*** Recorded data ***

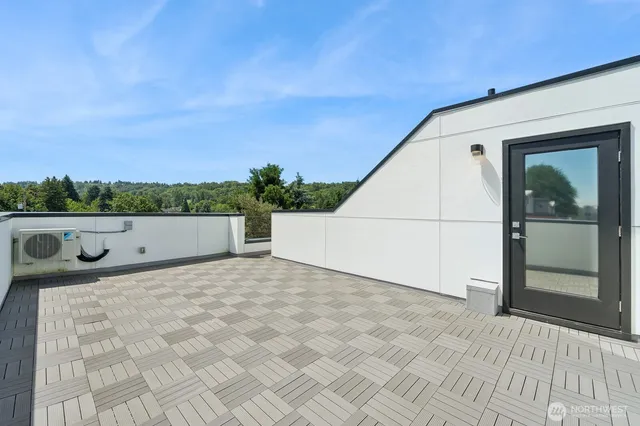 $2,950 | 527 South Cloverdale Street, Unit A, Seattle, WA 98108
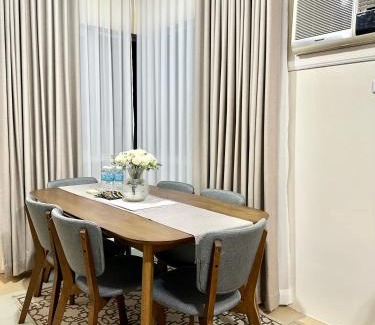 Barangay 29 Apartamento | The Penthouse - 3BR Bi-Level Avida Aspira Tower 1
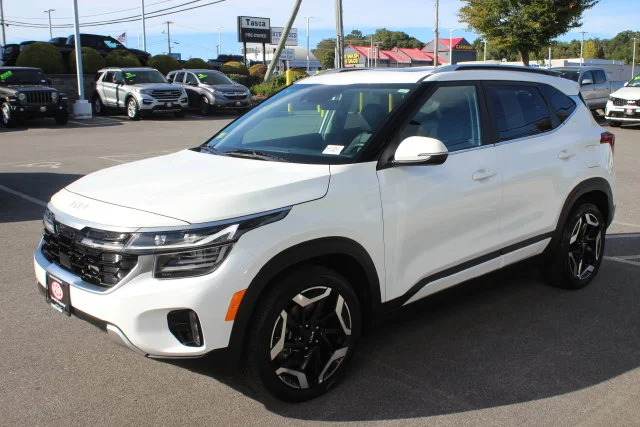 Used 2024 White Kia SX image 2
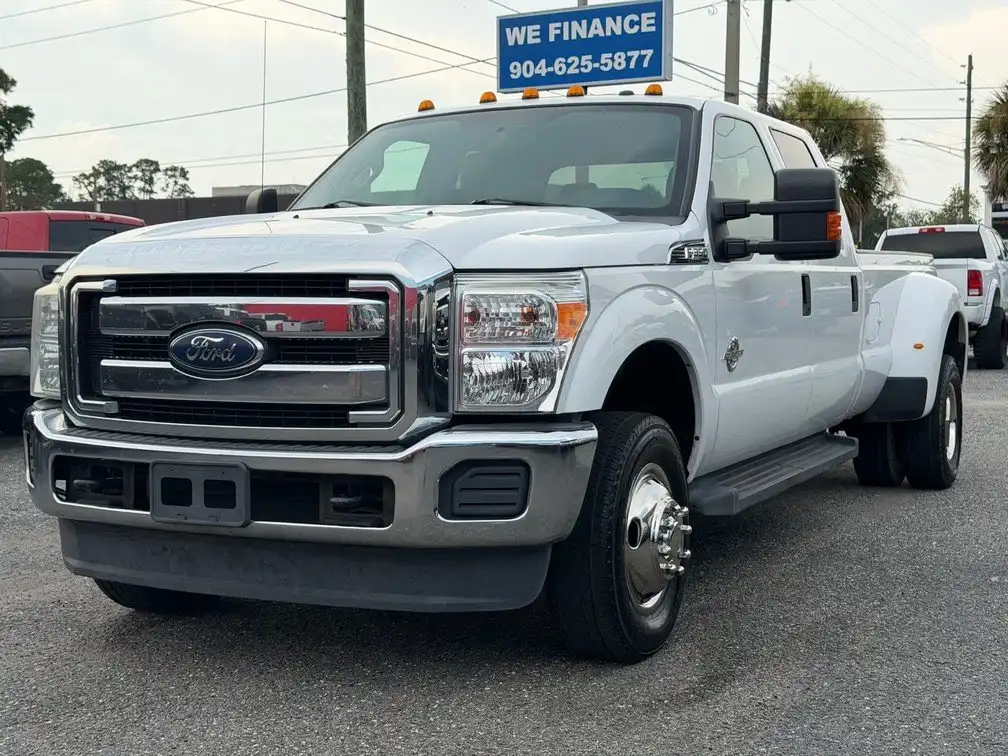 2016 Ford F-350 XLT 4x4 Crew Cab 8' Box DRW's photo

***

**Exercise:** Give back the material exactly as written, images excluded.

**Output of the task:**
 $2,950 | 527 South Cloverdale Street, Unit A, Seattle, WA 98108
 Barangay 29 Apartamento | The Penthouse - 3BR Bi-Level Avida Aspira Tower 1
 Used 2024 White Kia SX image 2
 2016 Ford F-350 XLT 4x4 Crew Cab 8' Box DRW's photo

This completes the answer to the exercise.